Un lieve pizzicore mi solletica la punta della lingua. Mi faccio coraggio. Timidamente appoggio la sostanza appiccicaticcia sulle labbra, facendola scivolare con lentezza sino agli incisivi.
Dopo qualche secondo stringo i denti, in un morso così forte che mi impedisce di distinguere l’esatto punto in cui finisce il pezzettino di resina e inizio io. Lui e io formiamo uno strano tutt’uno. Il suo gusto tanto amaro è una calamita per la saliva, che sembra convergere verso lo spiraglio della cavità orale, lasciando gola e palato disidratati.

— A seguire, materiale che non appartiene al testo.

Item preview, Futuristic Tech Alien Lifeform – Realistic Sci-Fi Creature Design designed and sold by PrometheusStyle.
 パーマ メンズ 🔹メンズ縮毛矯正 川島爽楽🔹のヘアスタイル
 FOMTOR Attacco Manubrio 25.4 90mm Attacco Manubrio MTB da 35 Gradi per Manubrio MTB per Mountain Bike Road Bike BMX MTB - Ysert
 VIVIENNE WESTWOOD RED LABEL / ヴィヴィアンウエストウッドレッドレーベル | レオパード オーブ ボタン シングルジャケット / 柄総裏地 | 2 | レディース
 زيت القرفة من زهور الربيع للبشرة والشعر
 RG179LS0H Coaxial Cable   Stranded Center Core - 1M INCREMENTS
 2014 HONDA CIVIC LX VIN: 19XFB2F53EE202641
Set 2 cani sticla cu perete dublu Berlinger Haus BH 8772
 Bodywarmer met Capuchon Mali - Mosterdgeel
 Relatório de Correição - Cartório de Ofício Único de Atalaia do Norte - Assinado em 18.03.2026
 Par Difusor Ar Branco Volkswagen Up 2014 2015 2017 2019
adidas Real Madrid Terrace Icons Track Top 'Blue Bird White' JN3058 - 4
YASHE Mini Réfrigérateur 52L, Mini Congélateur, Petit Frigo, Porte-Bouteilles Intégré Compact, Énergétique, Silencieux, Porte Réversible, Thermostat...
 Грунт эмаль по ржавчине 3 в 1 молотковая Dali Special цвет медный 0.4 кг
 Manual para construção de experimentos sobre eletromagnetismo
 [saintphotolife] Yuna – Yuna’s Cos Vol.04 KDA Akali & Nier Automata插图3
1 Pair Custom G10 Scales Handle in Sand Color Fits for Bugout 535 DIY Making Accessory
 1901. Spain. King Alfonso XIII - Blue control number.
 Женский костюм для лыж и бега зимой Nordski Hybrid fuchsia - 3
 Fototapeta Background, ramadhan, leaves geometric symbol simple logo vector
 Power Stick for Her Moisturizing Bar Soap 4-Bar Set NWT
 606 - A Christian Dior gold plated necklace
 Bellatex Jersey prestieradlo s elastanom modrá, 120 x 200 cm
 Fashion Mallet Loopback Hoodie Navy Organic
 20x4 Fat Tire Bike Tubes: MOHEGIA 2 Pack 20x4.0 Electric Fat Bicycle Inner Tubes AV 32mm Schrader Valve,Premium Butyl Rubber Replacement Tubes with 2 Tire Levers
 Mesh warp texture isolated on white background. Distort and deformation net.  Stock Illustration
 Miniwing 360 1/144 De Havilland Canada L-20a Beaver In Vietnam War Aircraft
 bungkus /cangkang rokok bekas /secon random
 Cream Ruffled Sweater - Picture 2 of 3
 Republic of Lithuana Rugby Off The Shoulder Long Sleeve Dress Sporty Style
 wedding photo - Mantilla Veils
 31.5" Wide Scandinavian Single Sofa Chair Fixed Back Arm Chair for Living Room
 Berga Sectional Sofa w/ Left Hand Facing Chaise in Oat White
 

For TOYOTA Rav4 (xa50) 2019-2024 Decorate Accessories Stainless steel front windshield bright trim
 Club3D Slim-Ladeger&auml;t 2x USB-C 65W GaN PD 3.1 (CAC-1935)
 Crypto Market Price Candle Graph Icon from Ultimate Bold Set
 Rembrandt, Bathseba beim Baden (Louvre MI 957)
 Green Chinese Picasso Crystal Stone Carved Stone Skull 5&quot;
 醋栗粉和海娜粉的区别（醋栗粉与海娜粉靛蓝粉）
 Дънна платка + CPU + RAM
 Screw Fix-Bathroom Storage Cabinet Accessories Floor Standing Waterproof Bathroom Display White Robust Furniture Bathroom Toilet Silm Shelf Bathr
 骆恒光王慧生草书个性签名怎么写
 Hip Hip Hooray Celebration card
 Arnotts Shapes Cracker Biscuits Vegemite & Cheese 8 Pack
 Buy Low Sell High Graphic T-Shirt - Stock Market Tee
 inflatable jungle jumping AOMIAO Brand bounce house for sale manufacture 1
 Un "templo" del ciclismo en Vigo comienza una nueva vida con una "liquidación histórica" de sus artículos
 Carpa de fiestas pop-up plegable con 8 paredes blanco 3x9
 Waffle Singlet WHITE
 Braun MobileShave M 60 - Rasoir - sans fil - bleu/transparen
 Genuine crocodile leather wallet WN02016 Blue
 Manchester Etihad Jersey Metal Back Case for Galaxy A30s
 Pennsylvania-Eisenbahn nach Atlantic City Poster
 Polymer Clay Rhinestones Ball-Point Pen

Ancora immobile, mi lascio trasportare dall’intenso aroma di abete che si è impadronito della mia bocca, e forse anche del mio cervello. Il sapore acre mi restituisce la dolorosa sensazione di essere perfino punta dagli aghi dell’albero dal cui tronco, qualche istante fa, ho staccato quel frammento di resina. Forse le sue lacrime.
Incuriosita, provo a dividere pian piano l’arcata superiore da quella inferiore, cercando di amalgamare la pasta appiccicosa con piccoli e ritmati morsi. È un lavoro certosino: la minima distrazione potrebbe costringermi a tornare daccapo, con denti e labbra fastidiosamente incollati fra loro.
A ogni sforzo della mandibola, percepisco il solidificarsi di quella strana sostanza che faccio scorrere ai lati della bocca: prima a sinistra, poi al centro e infine a destra. È come se ogni mio angolo orale volesse sperimentare il sapore di un abete.
Con mio grande stupore, trascorso qualche minuto, sento la resina cambiare muta: abbandonata la veste amarognola, ora, si vede perfettamente a suo agio con me, mi concede l’onore di mostrami la sua parte più dolce. Il suo cuore di zucchero mi allieta la consueta passeggiata pomeridiana, regalandomi una diversa e più intima immagine dei sempreverdi, sul cui tronco la riconosco nel suo stato originario.
Man mano che macino metri, tuttavia, sento il suo sapore affievolirsi, forse logoro dalla stanchezza proprio come le mie gambe. Il gusto acre dell’abete e la dolcezza del suo cuore sono solo ricordi. Masticando distrattamente quel che rimane di quella materia ormai scialba, ho come la sensazione di arrovellarmi con un frammento del nulla.
Forse con il gusto del ghiaccio. Quel ghiaccio che, durante il gelido inverno, conserva le innumerevoli lacrime versate dagli abeti, trasformandole in candida resina.